What can I do to help end fossil fuel subsidies in the United States?
So how do we transform oil companies into energy companies and jumpstart the new energy economy? The first step is a Separation of Oil & State – including an end to governmental subsidies to Big Oil and an investment in renewable energy alternatives and energy efficiency instead.

How much are fossil fuel subsidies internationally?
Globally, subsidies are also difficult to estimate, but they are likely more than $600 billion annually, including production subsidies (making the cost of production cheaper) and consumption subsidies (making the price of fuel cheaper to the consumer).

A recent report from the Organization for Economic Cooperation and Development (OECD) estimates that between $45 billion and $75 billion in budgetary support and tax expenditures have been provided to the coal, oil and gas industries by the 24 richest OECD countries.  These are production subsidies.

According to the International Energy Agency, consumption subsidies in 37 developing countries were worth $557 billion annually. Consumption subsidies are intended to keep the price of gas affordable in developing countries. A recent technical overview of global fossil fuel subsidies can be found here.

Didn’t President Obama and the G20 announce an end to fossil fuel subsidies?
No.  The Obama Administration and the G20 nations proposed that they end fossil fuel subsidies.
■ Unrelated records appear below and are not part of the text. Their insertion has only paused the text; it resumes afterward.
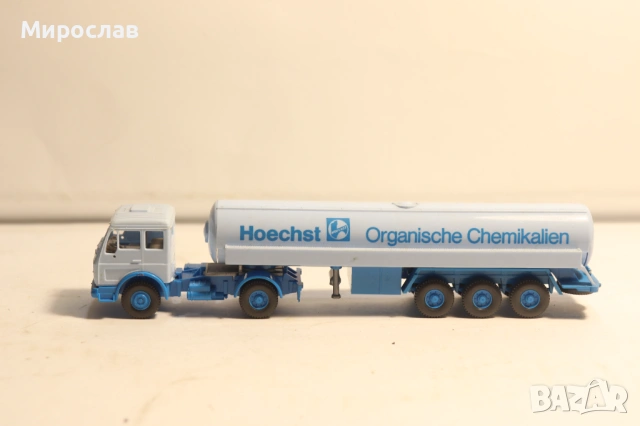 WIKING H0 1/87 MERCEDES ЦИСТЕРНА КАМИОН МОДЕЛ КОЛИЧКА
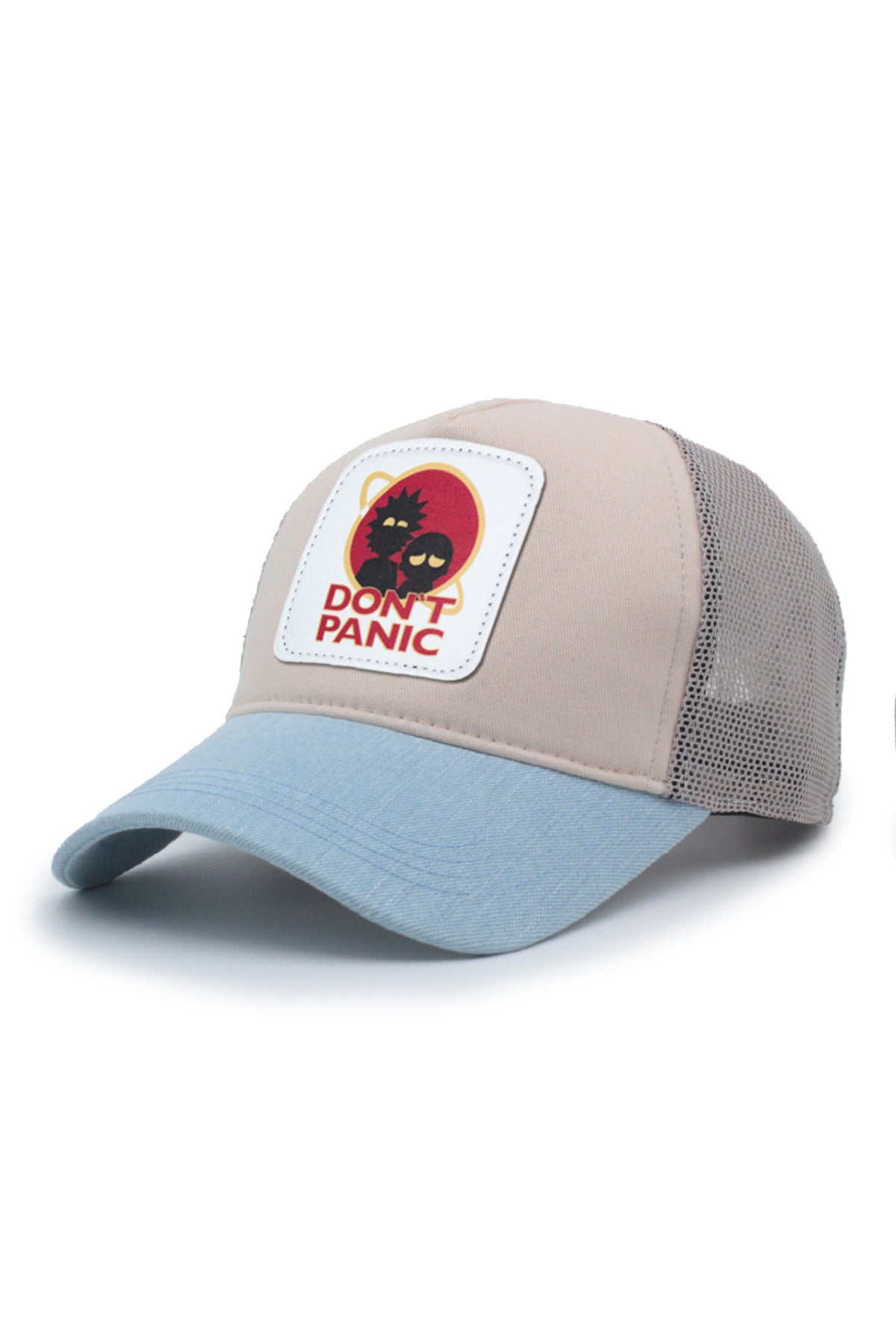 Dont Panic Model Fileli Şapka Kahverengi Lacivert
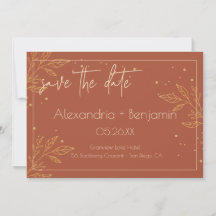 Elegante Hochzeit von Earthy Brown & Gold Floral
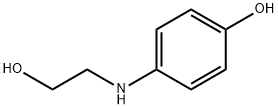 4-(2-HYDROXYETHYLAMINO)PHENOL Structure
Although this process has generated some new studies and data, so far zero subsidies have actually been eliminated as a result.

What are the challenges of ending fossil fuel subsidies internationally?
The principle is simple and clear: You can’t really say you’re committed to the fight against climate change if you’re still funding oil and coal. Many global leaders including the leaders of the G-20 nations, U.N. Secretary General Ban Ki Moon, Sir Nicholas Stern, Al Gore, and Sir John Browne (the former Chief Executive of BP) have all spoken out against the ongoing practice of subsidizing fossil fuels with public funds. But care needs to be taken in how – and what kinds – of subsidies are eliminated and in what time frame.
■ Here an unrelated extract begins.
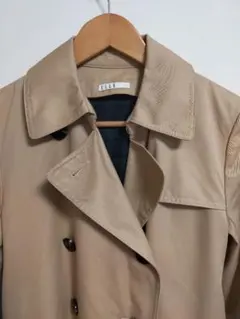 美品 ELLE ベージュ トレンチコート ウエストベルト付き サイズ38のサムネイル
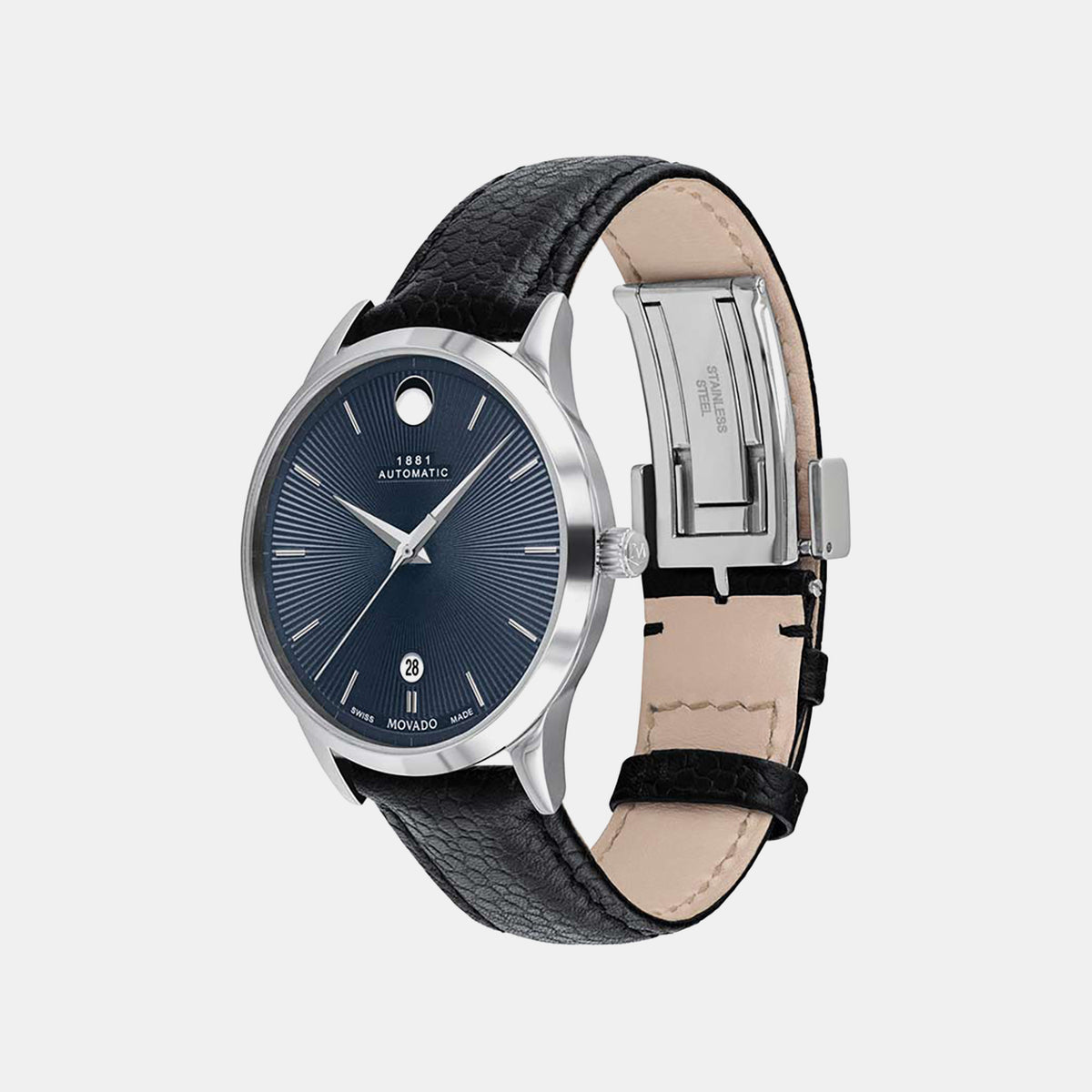1881 Automatic Men Automatic Blue Dial Analog Stainless Steel Watch 607454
To equitably phase out fossil fuel subsidies, it is important to consider the difference between the dominant types of subsidies in industrialized vs. developing countries, namely production subsidies vs. consumption subsidies.
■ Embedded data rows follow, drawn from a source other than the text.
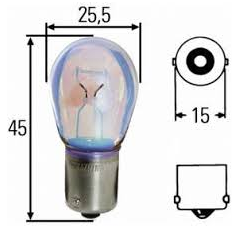 Glühlampe P21W 21 W für Landmaschine CASE IH - DAVID BROWN - DEUTZ-FAHR 57M7014 Nachbau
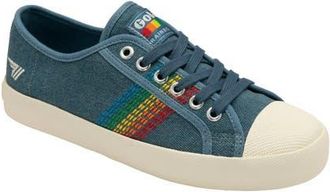 Gola Coaster Rainbow Stitch Sneaker in Denim/Multi at Nordstrom, Size 7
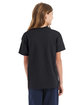 Hanes Youth Authentic-T T-Shirt charcoal heather ModelBack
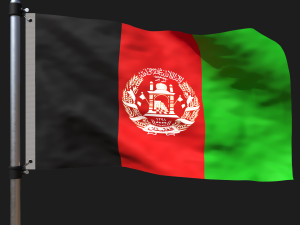 Flag of afghanistan 3D-Modell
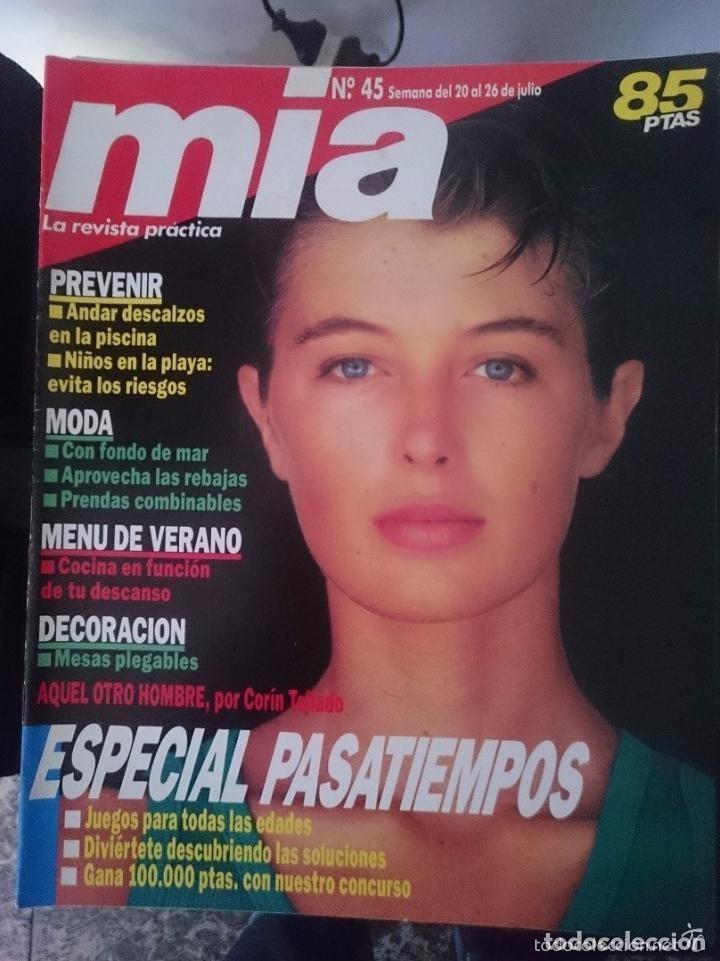 Coleccionismo de Revistas y Peri&oacute;dicos: MIA N 45 DEL 20 AL 26 DE JULIO DE 1987 -CON PUBLICIDAD DE LA EPOCA-NOTICIAS-ETC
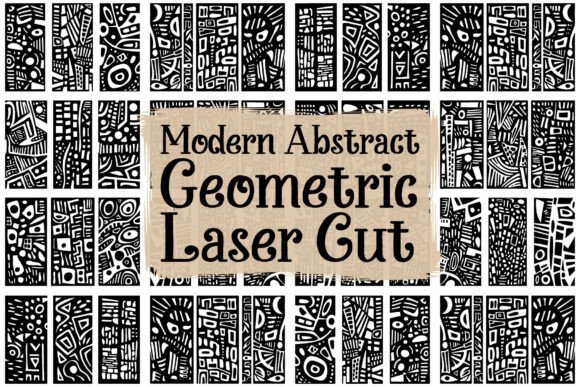 Contemporary Geometric Abstract Laser: Elevating Design with Precision and Style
In the U.S. and the rest of the industrialized world, we generally have production subsidies, which also serve as corporate welfare to the oil and coal industry that return the favor with lavish campaign contributions. So, great, let’s get rid of those subsidies.

But in the developing world, consumption subsidies, which make access to energy and fuel affordable to the poor, are far more common. As mentioned above, these subsidies may reach the hundreds of billions annually – meaning excluding the military and wars for oil, consumption subsidies are the largest subsidies. However, the intent of these subsidies is generally not to increase consumption of fossil fuels per se—rather it’s often simply to help make access to energy and transport affordable in developing countries.

Therefore, eliminating consumption subsidies is not the place to start leveling the playing field for clean energy. Like raising prices on U.S. consumers, it’s likely to provoke a backlash in developing countries, ensuring gridlock for years to come.

So where do we start internationally to level the playing field on clean energy?
A great place to start eliminating fossil fuel subsidies in the developing world would be to end international subsidies via institutions like the World Bank, regional development banks, and export credit agencies like the U.S. Export-Import Bank, or the Overseas Private Investment Corporation. These institutions actually use our tax dollars to build infrastructure for fossil fuel extraction and use in the developing world.

In the last three years, the World Bank and the major regional development banks gave over $40 billion in loans, grants, and equity to the fossil fuel industry. Export credit agencies gave billions more. All of this money could instead be important sources of public funds for clean energy.